> **WHAT TO PRODUCE**
Please restate every line below exactly, without any pictures.

> **THE DATA**
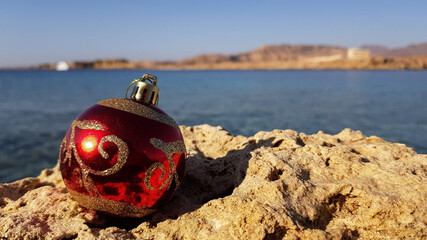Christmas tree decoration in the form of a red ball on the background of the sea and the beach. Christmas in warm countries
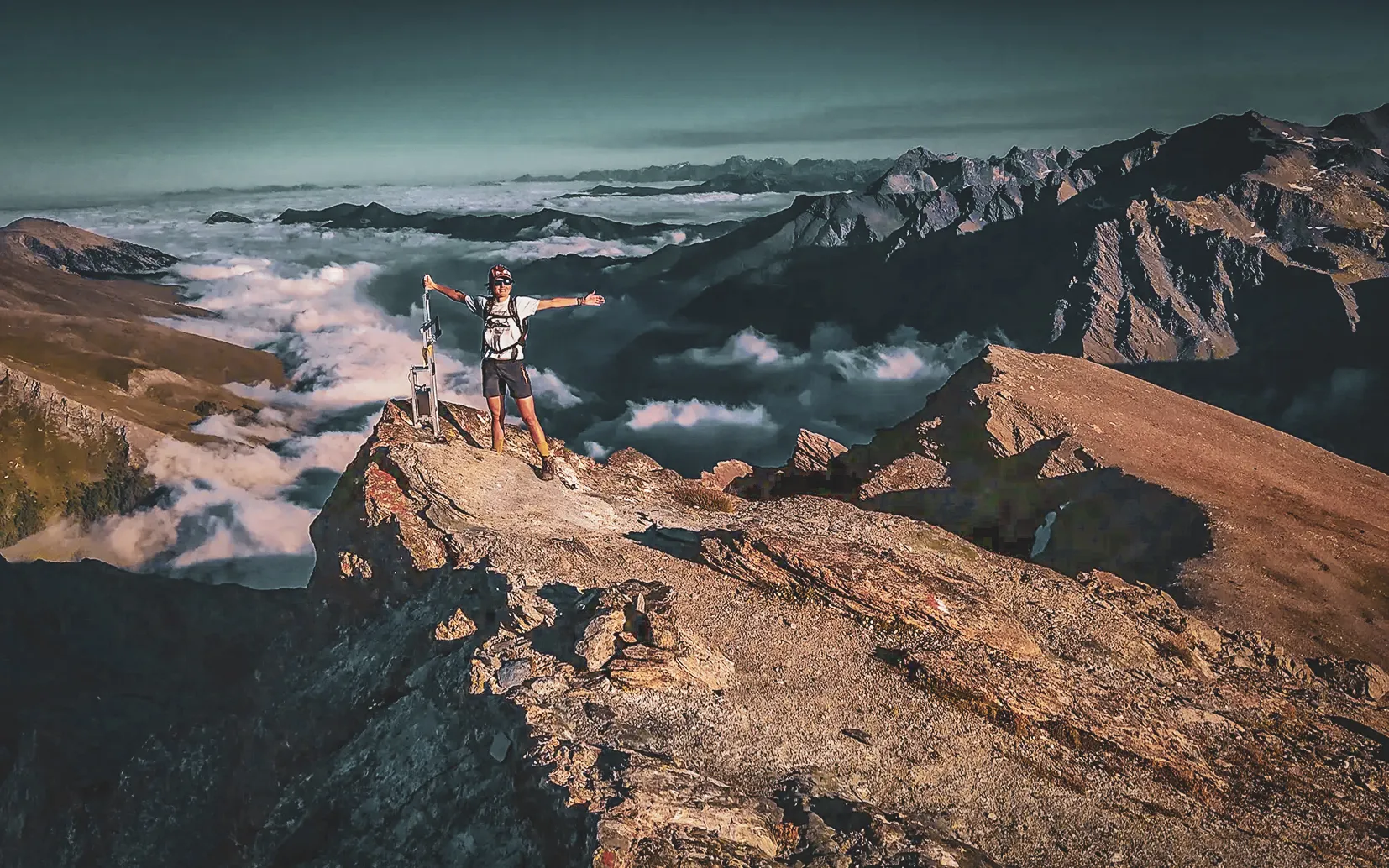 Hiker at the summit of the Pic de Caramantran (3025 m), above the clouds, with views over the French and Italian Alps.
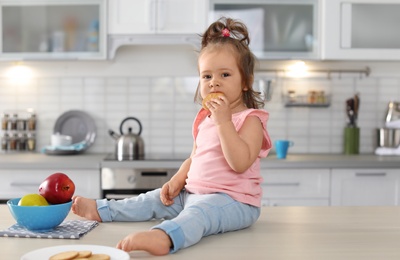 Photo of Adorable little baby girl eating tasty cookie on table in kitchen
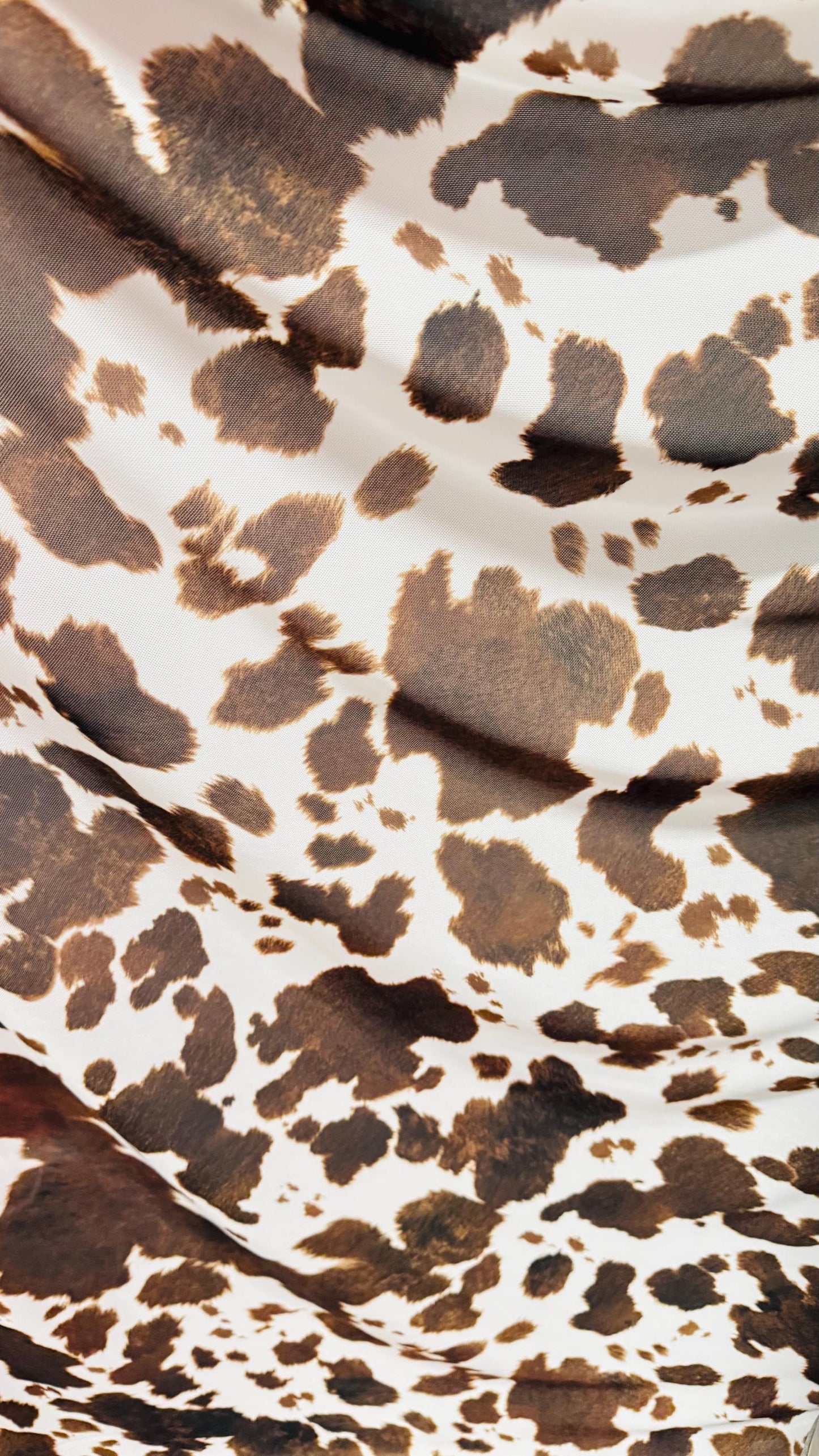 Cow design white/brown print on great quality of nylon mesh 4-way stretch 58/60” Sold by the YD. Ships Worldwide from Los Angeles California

> **WRITTEN SOLUTION**
Christmas tree decoration in the form of a red ball on the background of the sea and the beach. Christmas in warm countries
 Hiker at the summit of the Pic de Caramantran (3025 m), above the clouds, with views over the French and Italian Alps.
 Photo of Adorable little baby girl eating tasty cookie on table in kitchen
 Cow design white/brown print on great quality of nylon mesh 4-way stretch 58/60” Sold by the YD. Ships Worldwide from Los Angeles California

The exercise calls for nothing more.